For example, now we know that a ‘mother tree’ can share the sugar she has made high in her canopy, through photosynthesis, with the seedlings growing in her shade below. The mycelium help with this transfer of sugars from the parent tree’s roots to the roots of growing seedlings.

Nitrogen ‘fixed’ in the soil on the roots of my wax myrtle shrubs may be ‘shared’ with plants growing many feet away, through this underground network of roots and mycelium.  Plants that fix nitrogen, like common clovers and members of the pea family, help to naturally fertilize large areas of the garden.

Comfrey has extremely deep roots which spread out and absorb minerals from deep in the garden soil. The minerals find their way into the comfrey’s leaves. The leaves may be brewed into a fertilizer tea by letting them steep in a bucket of water over several days. They can also be cut from the plant and dropped on the ground, as an impromptu mulch, to fertilize the soil as they decay. Comfrey plants live for many years, improving the soil and feeding pollinators each summer. Some of those same pollinators will also visit the apple and pear trees, elsewhere in the garden.

Gardens are amazingly intricate communities.  Plants help and harm one another in fascinating ways.  Beyond the aesthetics of an attractive combination of plants, or an association that allows each plant full expression of its own beauty and form, we can select and combine plants to benefit from their unique properties. 

This, in turn, benefits the rich community of animal life attracted to our garden, and ultimately benefits us.
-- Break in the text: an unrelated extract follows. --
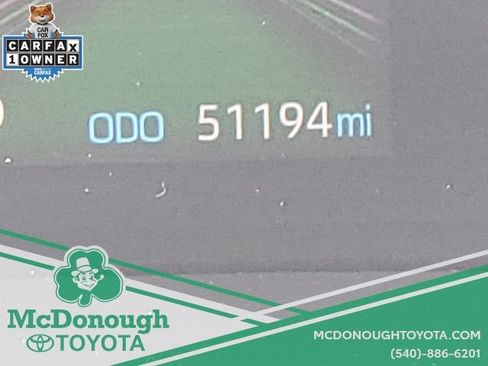 Used 2024 Toyota Sienna XLE FWD image 34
The more we understand the plants we grow, the richer the associations, and relationships, we can nurture.

For example, knowing that every part of a Narcissus is poisonous allows us to use those poisonous bulbs and roots to protect the roots of other plants from moles and voles. Simply plant Narcissus around areas you want to protect from underground tunneling and around plants whose roots might otherwise be eaten.

Knowing which ground cover plants grow very shallow roots, allows us to plant them under shrubs and trees as a living mulch that won’t compete with the tree for resources.    Knowing which trees and shrubs host certain butterflies, allows us to increase butterfly traffic in our garden as new broods of cats grow and transform into butterflies throughout the season.

Last fall, I collected acorns. I watched for them to sprout, and then planted them into small pots with commercial potting soil. Some did better than others, and some eventually fell prey to hungry squirrels.

Most of the acorns under an oak tree will be eaten by squirrels or birds or deer, anyway, I suppose.  But for those few that survive to sprout and grow, what a richer environment for their roots to sink into the native soil beneath their mother tree, fed by the mother tree’s roots, through the mycelium in the soil.  This is a relationship most of us would never understand without some study, because it is invisible to our layman’s eye.  My potted seedlings may get better light than those growing in the shade of a mother tree, but they will never have the benefit of the mother tree’s chemical nurturing.

The more we learn about how our plants function as a community, the better gardeners, and stewards of the Earth, we become. Let’s expand our own horizons from our sometimes very narrow focus on a favorite plant or genus, to a greater understanding of the ecosystems where we live and grow.